# Bostitch - N80S framing gun



## TRN_Diesel (Feb 24, 2009)

While using my air nailer to build my porch I noticed the gun starting to leak air out of the head of the gun where the two main vents are. I went on-line and did some searching and figured one of the O-rings must have blown.

I called around town and found Quality Tool Repairs stocked an O-Ring Kit for my Stanley Bostitch Air Nailer N80S. The "S" stands for stick nailer and if it were a coil gun it would have a "C" on the end.
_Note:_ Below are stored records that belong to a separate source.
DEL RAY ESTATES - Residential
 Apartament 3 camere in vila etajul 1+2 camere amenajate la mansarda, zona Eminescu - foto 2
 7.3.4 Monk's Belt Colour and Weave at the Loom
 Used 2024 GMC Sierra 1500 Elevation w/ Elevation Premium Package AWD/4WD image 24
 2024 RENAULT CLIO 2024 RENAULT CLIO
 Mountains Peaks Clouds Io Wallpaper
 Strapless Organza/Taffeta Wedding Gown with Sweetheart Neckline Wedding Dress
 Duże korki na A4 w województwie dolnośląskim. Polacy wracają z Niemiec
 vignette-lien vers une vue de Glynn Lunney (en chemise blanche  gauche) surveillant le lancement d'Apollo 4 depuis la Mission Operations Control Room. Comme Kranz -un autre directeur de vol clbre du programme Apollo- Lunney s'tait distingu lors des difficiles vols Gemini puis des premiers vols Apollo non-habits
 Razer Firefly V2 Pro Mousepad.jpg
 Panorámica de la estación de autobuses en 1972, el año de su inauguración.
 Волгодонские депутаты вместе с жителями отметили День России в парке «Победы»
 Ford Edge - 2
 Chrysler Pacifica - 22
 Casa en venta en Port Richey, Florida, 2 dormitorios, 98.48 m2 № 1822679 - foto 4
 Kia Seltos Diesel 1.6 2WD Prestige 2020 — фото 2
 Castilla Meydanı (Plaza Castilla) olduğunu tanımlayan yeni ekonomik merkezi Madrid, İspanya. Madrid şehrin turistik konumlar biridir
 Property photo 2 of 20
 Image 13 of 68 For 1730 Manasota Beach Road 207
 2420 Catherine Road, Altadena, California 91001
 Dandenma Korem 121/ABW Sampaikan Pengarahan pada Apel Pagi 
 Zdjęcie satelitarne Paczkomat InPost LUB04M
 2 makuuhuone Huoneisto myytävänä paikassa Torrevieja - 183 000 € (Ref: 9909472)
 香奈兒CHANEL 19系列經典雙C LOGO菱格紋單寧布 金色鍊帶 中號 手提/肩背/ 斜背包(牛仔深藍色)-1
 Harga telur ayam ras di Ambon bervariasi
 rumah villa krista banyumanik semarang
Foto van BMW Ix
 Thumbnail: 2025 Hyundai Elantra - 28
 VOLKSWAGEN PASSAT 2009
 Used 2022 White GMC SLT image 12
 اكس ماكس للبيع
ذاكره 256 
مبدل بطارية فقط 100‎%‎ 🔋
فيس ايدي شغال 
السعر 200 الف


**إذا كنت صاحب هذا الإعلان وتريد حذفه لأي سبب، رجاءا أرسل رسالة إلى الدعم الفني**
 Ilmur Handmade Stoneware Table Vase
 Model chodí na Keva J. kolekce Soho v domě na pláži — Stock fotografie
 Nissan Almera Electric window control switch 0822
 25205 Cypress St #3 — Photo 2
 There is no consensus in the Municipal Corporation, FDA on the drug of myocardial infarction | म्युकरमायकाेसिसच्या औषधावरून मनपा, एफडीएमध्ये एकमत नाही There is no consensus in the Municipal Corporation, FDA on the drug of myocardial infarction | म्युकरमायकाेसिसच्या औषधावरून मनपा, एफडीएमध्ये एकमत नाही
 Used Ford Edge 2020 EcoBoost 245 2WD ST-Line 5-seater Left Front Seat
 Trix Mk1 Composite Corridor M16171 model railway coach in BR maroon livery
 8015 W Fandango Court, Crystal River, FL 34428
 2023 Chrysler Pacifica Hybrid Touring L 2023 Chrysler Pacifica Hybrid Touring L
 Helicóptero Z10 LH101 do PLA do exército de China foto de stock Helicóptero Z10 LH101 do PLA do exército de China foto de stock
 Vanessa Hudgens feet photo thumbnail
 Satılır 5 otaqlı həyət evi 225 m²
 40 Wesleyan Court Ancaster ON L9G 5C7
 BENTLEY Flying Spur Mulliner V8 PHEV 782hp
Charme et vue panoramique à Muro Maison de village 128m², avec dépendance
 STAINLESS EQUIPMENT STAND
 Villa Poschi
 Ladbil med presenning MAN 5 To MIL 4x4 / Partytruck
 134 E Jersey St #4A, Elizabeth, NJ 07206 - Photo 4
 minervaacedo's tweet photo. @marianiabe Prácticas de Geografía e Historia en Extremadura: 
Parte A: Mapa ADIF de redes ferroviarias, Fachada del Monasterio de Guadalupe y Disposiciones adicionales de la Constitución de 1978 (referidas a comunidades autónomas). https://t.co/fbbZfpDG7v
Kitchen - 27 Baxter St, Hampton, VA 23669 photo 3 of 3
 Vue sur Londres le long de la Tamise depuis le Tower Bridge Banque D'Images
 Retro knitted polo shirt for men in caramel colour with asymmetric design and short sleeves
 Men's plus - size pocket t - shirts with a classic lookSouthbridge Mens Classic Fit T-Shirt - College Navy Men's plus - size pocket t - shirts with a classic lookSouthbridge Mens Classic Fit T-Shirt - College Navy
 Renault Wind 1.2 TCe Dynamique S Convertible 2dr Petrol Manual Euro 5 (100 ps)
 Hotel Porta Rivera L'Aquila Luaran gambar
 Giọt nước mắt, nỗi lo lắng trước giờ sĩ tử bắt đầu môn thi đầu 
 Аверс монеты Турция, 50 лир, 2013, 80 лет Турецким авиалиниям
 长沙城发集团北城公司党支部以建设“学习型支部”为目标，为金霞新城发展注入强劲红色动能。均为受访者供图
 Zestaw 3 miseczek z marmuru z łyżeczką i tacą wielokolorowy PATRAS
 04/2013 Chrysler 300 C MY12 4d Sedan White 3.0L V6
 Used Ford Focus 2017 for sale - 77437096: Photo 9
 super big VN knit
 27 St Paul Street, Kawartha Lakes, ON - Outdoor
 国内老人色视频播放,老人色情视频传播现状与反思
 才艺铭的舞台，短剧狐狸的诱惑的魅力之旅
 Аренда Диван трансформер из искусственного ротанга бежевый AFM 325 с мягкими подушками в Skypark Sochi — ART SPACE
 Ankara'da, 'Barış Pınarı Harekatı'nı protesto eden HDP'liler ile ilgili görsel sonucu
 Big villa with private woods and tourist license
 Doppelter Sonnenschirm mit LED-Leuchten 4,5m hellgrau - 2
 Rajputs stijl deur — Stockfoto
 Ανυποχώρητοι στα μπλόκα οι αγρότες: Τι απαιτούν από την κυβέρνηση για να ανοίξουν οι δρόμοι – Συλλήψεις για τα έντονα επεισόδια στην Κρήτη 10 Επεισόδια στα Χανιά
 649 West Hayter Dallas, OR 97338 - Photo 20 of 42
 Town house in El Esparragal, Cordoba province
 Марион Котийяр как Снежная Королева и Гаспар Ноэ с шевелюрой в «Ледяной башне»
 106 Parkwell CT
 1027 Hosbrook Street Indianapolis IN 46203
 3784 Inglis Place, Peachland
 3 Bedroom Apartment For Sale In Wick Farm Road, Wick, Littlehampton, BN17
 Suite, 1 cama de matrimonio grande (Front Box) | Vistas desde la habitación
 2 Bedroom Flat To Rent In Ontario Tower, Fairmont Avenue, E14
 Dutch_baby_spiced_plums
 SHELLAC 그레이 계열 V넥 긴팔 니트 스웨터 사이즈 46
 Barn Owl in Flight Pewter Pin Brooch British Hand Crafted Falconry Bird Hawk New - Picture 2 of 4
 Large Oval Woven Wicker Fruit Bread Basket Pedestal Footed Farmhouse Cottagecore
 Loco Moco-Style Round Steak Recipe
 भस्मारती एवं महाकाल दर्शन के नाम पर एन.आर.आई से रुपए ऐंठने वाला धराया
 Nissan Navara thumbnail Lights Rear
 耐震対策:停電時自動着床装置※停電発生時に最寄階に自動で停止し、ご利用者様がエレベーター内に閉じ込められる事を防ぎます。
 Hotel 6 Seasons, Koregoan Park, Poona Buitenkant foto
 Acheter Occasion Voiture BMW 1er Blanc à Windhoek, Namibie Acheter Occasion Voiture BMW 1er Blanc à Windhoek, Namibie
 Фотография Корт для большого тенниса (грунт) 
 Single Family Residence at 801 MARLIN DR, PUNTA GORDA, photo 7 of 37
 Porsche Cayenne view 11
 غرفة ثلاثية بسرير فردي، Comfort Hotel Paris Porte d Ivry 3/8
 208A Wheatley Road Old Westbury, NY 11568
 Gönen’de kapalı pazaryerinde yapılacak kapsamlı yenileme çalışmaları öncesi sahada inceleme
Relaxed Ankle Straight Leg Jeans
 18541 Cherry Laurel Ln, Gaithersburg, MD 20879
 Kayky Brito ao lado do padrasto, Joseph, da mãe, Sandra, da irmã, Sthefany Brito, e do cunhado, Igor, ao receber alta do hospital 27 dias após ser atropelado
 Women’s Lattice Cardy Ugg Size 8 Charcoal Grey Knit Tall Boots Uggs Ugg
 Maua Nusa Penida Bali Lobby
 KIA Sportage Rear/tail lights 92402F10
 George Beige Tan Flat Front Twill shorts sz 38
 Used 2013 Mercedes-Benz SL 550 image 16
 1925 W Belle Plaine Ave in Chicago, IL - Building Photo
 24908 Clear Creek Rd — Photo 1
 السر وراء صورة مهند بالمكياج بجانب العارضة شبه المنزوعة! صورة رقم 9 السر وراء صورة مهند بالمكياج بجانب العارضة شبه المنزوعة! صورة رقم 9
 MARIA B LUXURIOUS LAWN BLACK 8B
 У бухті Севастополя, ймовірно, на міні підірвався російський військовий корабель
The kit cost me $45.00 and contains every O-ring and gasket you will need to rebuild this gun. Down side is there are no instructions so you need to consult your manual and look at the parts diagram for a breakdown of each gasket or O-ring. If you do not have a manual I have uploaded the manual for this gun in the Manuals section found here Stanley Bostitch Manuals - Router Forums

All I needed to remove the head was a hex driver and removed the four M6 x 1.00 screws. Once the head was off I saw my problem right away. The cylinder seal was split in two. When I grab the cylinder seal I noticed it was hard and brittle. I thought to myself, this is too easy. Rather than dis-assemble the entire air gun I decided to just replace the cylinder seal (Part # N70155). 

Prior to re-installing the new seal I sprayed the seal with Silicone lubricant. *DO NOT USE PETROLEUM BASED LUBRICANTS, THEY WILL DAMAGE YOUR NEW SEALS*. Much to my delight after tightening all of the screws I plugged the air hose back onto the gun and VOILA! no more air leaks. I loaded some nails into the gun and took it for a test run and found it to work flawlessly.

This took me less than 5 minutes to repair and saved me $329.00 for a new gun.

I hope this encourages others to tackle this simple and easy repair. :yes2:


----------



## Cherryville Chuck (Sep 28, 2010)

Thanks for that Dan. I don't have that nailer but I have narrow and wide crown staplers and a couple of brad nailers. There's a good chance all are built with the same general blueprint.


----------



## TRN_Diesel (Feb 24, 2009)

No worries Charles. As Shell Buzy would say, "It's just that easy". 

Amazes me how simple things are if you take the time to read and give it a try. 

But then again I am a sponge when it comes to learning new things.

It is always a good thing to challenge yourself and like my Dad used to say, "A man never learned from the things he did right, only the things he did wrong". (God rest his soul))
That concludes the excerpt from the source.